EXERCISE DATA —

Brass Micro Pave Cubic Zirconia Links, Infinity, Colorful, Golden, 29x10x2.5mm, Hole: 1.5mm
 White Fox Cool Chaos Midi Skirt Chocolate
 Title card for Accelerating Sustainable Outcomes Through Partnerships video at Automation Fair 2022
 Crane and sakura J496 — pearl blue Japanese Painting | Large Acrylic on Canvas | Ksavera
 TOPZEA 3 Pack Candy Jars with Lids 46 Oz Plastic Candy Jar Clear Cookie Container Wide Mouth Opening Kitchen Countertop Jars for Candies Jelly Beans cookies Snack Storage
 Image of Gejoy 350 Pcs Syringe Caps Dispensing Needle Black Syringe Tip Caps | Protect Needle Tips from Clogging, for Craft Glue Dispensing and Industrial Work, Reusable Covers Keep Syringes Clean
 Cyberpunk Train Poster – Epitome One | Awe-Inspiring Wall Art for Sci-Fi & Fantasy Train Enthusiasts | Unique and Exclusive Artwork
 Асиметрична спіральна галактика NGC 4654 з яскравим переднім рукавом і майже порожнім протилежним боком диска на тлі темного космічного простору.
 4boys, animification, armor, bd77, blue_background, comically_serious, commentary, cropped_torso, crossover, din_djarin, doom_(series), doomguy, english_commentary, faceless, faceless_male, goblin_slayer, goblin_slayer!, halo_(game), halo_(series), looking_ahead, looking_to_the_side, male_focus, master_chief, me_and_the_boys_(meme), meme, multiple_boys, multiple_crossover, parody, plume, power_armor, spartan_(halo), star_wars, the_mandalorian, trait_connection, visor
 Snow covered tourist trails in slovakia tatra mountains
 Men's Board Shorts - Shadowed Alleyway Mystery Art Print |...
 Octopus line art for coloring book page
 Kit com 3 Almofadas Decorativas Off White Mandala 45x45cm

YOUR TASK — Copy the records above exactly, beginning at the line that contains "Cyberpunk Train Poster" and stopping after the line that contains "Асиметрична спіральна галактика".

RESPONSE TO THE TASK —
 Cyberpunk Train Poster – Epitome One | Awe-Inspiring Wall Art for Sci-Fi & Fantasy Train Enthusiasts | Unique and Exclusive Artwork
 Асиметрична спіральна галактика NGC 4654 з яскравим переднім рукавом і майже порожнім протилежним боком диска на тлі темного космічного простору.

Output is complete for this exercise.